Kerr is leading a revamped coaching staff that will have an eye more toward player development.
Assistants Aaron Miles, Theo Robertson, Luke Loucks and Seth Cooper join the bench as player development coaches. Kerr predicts that the coaches
will go back and forth between San Francisco and the team’s G-League affiliate in Santa Cruz. “We’re trying to develop not just the player, but the professional.”
Among the changes to the staff includes assistant Jarron Collins stepping up into a bigger role coaching defense. The shift in responsibilities comes on the heels of news that assistant coach Ron Adams, one of the most respected defensive specialists in the league, is expected to travel with the team less this season.
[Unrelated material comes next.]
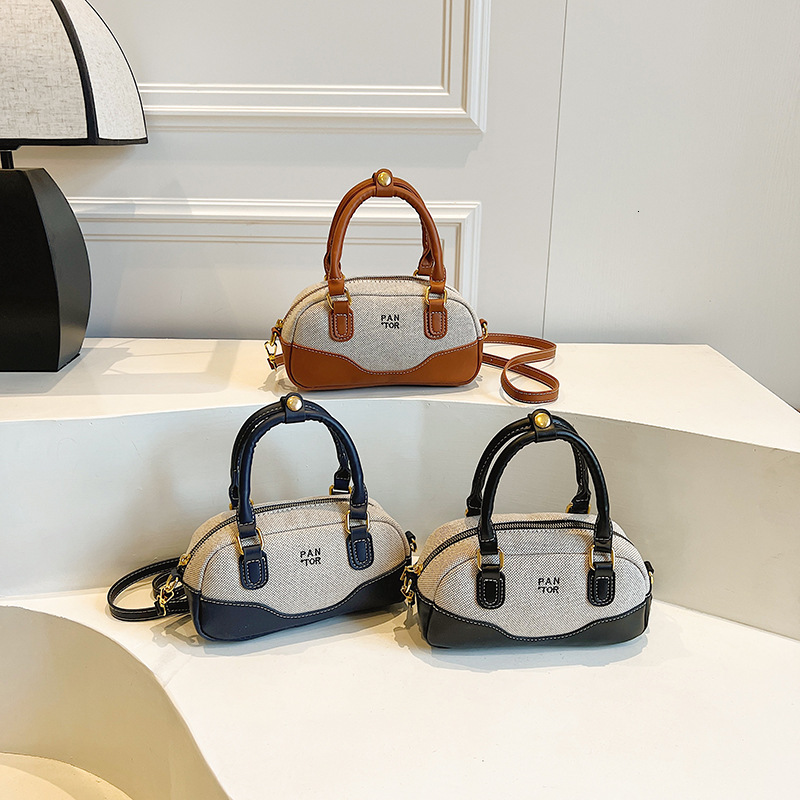 2025 New Outdoor Style Luxury Free Delivery Designer Bag Color Blocking Small Bowling Bag Niche Design Simple Commuting Boston Single Shoulder Pillow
Adams will continue to have a large influence on the staff.
“Ron has earned the right to carve his own path, and I
want him to feel part of this and I want him to not feel like he has to travel on certain trips,” Kerr said. “My guess is that he’ll go to Miami and L.A. and he won’t go to the Midwest in the winter, but we’ll see.”
Everything considered, the team in training camp feels distinct from the Warriors who closed Oakland’s Oracle Arena with five straight Finals appearances.
“The practices feel different, No. 1 because we’re in a new building, and, No. 2, because of all the personnel changes,” Kerr said. “We’re all just sort of getting comfortable in our surroundings and getting to know each other.”